Moreover, when I checked with a few longtime Mary-landers, they told me what I wanted to hear. Namely that few natives eat hard crabs -- which are likely to be shipped in from Texas or Louisiana -- on Memorial Day. Instead they prefer to dine on soft crabs fresh from the Chesapeake Bay.

I called my sources on the Eastern Shore for a report on the recent sightings of my favorite springtime supper, soft crabs.

Down in Crisfield, Carol Haltaman, president of Handy Seafood, told me there was good news and bad news on the soft-crab front. The good news was that the first big slough of the season, when the crabs shed their winter shells, had occurred in mid-May. This meant the warm-weather cycle of crab life -- when crabs emerge from their winter doldrums to eat, mate and frolic in the Chesapeake Bay -- had started.

The bad news was that a nor'easter -- a storm blow-ing in from the northeast -- had arrived on the scene at the same time as the crabs had started shedding their shells. The rough weather prevented watermen from scooping up great numbers of the soft crabs, she said. Crabs will continue to grow and shed their shells throughout the warm weather.

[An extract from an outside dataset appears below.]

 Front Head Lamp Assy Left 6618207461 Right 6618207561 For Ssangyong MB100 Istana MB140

So now watermen near Crisfield were waiting for the second "run," or shell-shedding session, an event that should occur in early June, Haltaman said.

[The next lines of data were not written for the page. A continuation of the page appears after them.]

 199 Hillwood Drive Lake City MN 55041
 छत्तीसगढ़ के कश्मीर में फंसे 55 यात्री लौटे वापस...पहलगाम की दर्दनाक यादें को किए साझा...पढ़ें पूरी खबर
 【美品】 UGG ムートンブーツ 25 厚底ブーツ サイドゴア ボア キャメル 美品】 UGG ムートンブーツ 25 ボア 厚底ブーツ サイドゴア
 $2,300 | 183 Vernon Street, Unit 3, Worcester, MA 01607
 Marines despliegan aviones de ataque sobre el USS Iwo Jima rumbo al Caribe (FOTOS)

When I spoke with C. J. Tolley who operates Meredith & Meredith, a seafood packinghouse in Dorchester County, he told me he had already enjoyed his first soft-crabs feast of the season. His description of a recent Sunday supper made my mouth water.

He told of how 11 adults had gathered around a mound of freshly fried soft crabs. The crabs had been scooped from local waters, cleaned -- their gills, apron, face and "sand bag" are snipped off -- then dipped in seasoned flour and fried in olive oil. The crabs were stacked four or five high in a serving dish, he said, adding that there was plenty of iced tea, with sugar, to go around. "There is not much more," Tolley said of the meal, "that a body could want."

Noting that some folks like to cook soft crabs on the barbecue grill, Tolley said he preferred the traditional time-honored Eastern Shore approach of frying soft crabs. "Or as he put it, "It is hard to beat the old skillet."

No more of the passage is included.